The KL divergence above can be computed analytically, so given $\mu(x)$ and $\sigma(x)$ it's easy to compute the exact contribution to the total loss:
$$
\begin{array}{lll}
\mathrm{KL}\left[ \mathcal{N}(\mu(x), \Sigma(x)) || \mathcal{N}(0, \mathbf{1}) \right] &\equiv& -\int \mathrm{d}^d z\, \mathcal{N}(z | \mu(x), \sigma(x))\,\log\left( \frac{\mathcal{N}(z | 0, \mathbf{1})}{\mathcal{N}(z | \mu(x), \sigma(x))} \right) \\
&=& -\frac{1}{2} \sum_{j=1}^d \left( 1 + \log(\sigma^2_j) - \mu_j^2 - \sigma_j^2 \right)\,.
\end{array}
$$

In the $\beta$-VAE variant of the model it's possible to tune the relative weight of the reconstruction and KL terms in the loss functions via a coefficient $\beta$,
$$
\mathcal{L} = \mathrm{MSE} + \beta\,\mathrm{KL}\,.
$$
$\beta$ is an hyperparameter controlling the balance between the minimization of either term in the loss: if $\beta$ is too small the KL term will have little effect (latent vectors more spread in latent space, farther away from the origin and with discontinuoous clusters), while if $\beta$ is too big the KL term will prevail and the model will have a poor recontruction power (essentially the Gaussians will end up fitting the unit ones).

#### Reparametrization trick

Given an input sample, the prediction has a random component corresponding to the sampling of the Gaussian distribution obtained from the input sample via the encoder. Backpropagation would require to "differentiate the sampling" w.r.t. the parameters of the Gaussian distribution, which is not possible: one drawn, a sample is a numerical value and all the information about the distribution from which it was generated is lost. Nonetheless, it's possible use a reparametrization of the Gaussian distribution that allows for explicit differentiation w.r.t. to the $\mu(x)$ and $\sigma(x)$ parameters, the **reparametrization trick**.

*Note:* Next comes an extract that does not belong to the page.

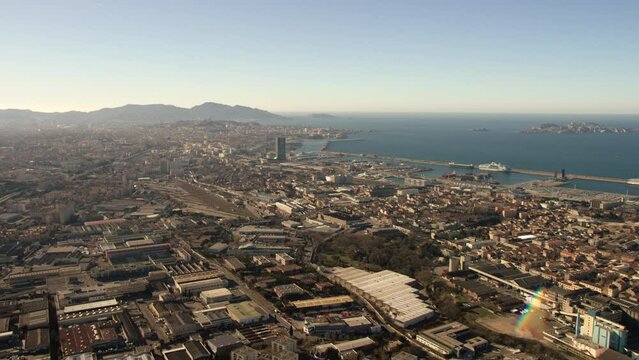 marseille avec le port arenc vue mer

Given the input sample $x$, the encoder outputs the parameters $\mu(x)$ and $\sigma(x)$ of the multivariate Gaussian $\mathcal{N}(\mu(x), \sigma(x))$, from which the latent vector $z$ is sampled,
$$
z \sim \mathcal{N}(\mu(x), \sigma(x))\,.
$$
The reparametrization trick consists in sampling $z$ in the equivalent way
$$
z = \mu(x) + \sigma(x)\,\epsilon\,,
$$
where $\epsilon \sim \mathcal{N}(0, 1)$. This way the generated values for $z$ are exactly equivalent as before, but the parameters $\mu$ and $\sigma$ appear exlicitly and differentiation w.r.t. them is possible.

In [None]:
import sys
import numpy as np
import tensorflow as tf
import tensorflow_probability as tfp
import matplotlib.pyplot as plt
import seaborn as sns

sys.path.append('../../modules/')

from variational_autoencoders import VariationalEncoder, VAE
from autoencoders import Decoder
from keras_utilities import get_intermediate_output, append_to_full_history, plot_history

tfd = tfp.distributions

sns.set_theme()

%load_ext autoreload
%autoreload 2

## Get data

In [None]:
def preprocess_images(img):
    """
    """
    # Normalize pixel values.
    img = img.astype('float32') / 255.

    # Add padding.
    img = np.pad(img, ((0, 0), (2, 2), (2, 2)), constant_values=0.)
    
    # The images come in grayscale without an explicit
    # channels dimensions. Here we add it.
    img = np.expand_dims(img, -1)

    return img

In [None]:
# Note: we don't really care about the labels in the y arrays.
(x_train, y_train), (x_test, y_test) = tf.keras.datasets.fashion_mnist.load_data()

In [None]:
x_train = preprocess_images(x_train)
x_test = preprocess_images(x_test)

## Model definition and training

In [None]:
variational_encoder = VariationalEncoder()

n_samples = 5000

random_inputs = tf.random.normal(shape=(n_samples, 32, 32, 1))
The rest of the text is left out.